En este contexto postelectoral Bolivia necesita con urgencia un proceso serio y profundo de reforma judicial. No se trata solo de cambiar autoridades o de implementar ajustes de forma, sino de garantizar mecanismos que aseguren la verdadera independencia de jueces y fiscales. La democracia no puede sostenerse sin un poder judicial confiable, imparcial y transparente. Mientras el sistema siga subordinado al poder de turno, la justicia no será más que un instrumento de persecución, amedrentamiento y de protección selectiva.

La emisión del instructivo por el Tribunal Supremo de Justicia, el pasado lunes 25 de agosto, por el cual se procedió revisar los plazos procesales en los casos Luis Fernando Camacho, Marco Pumari y Jeanine Añez, lo cual derivó en la liberación de los dos primeros y la anulación de obrados de uno de los casos de la expresidenta para que sea tratado en un juicio de responsabilidades, no significa que de pronto “la justicia haya recobrado su independencia”, como señaló el Presidente de dicha instancia, pues existen muchos casos que aún muestran cómo la justicia se encuentra secuestrada por el poder. Un ejemplo es la ocupación de la Casa de los Derechos Humanos por sectores afines al partido de gobierno en junio de 2023, espacio que debería estar en manos de sus legítimos representantes y que, sin embargo, permanece bajo control de la Policía. Esta situación no solo es ilegal, sino que representa una afrenta simbólica contra la sociedad civil organizada, que ve cómo el aparato estatal desconoce sus derechos sin que la justicia intervenga para corregirlo.
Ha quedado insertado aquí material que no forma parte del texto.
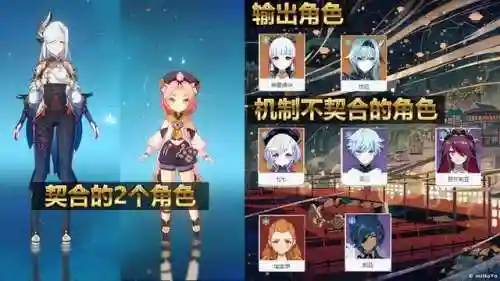 平民玩家甘雨七七阵容搭配(原神七七最强阵容搭配)插图2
El país no puede seguir aceptando una justicia parcializada. Recuperar su independencia es una condición imprescindible para cerrar las heridas del pasado y construir un futuro en el que los bolivianos confiemos en que el derecho sea el verdadero árbitro de los conflictos, donde primen el respeto a los derechos humanos y las libertades democráticas.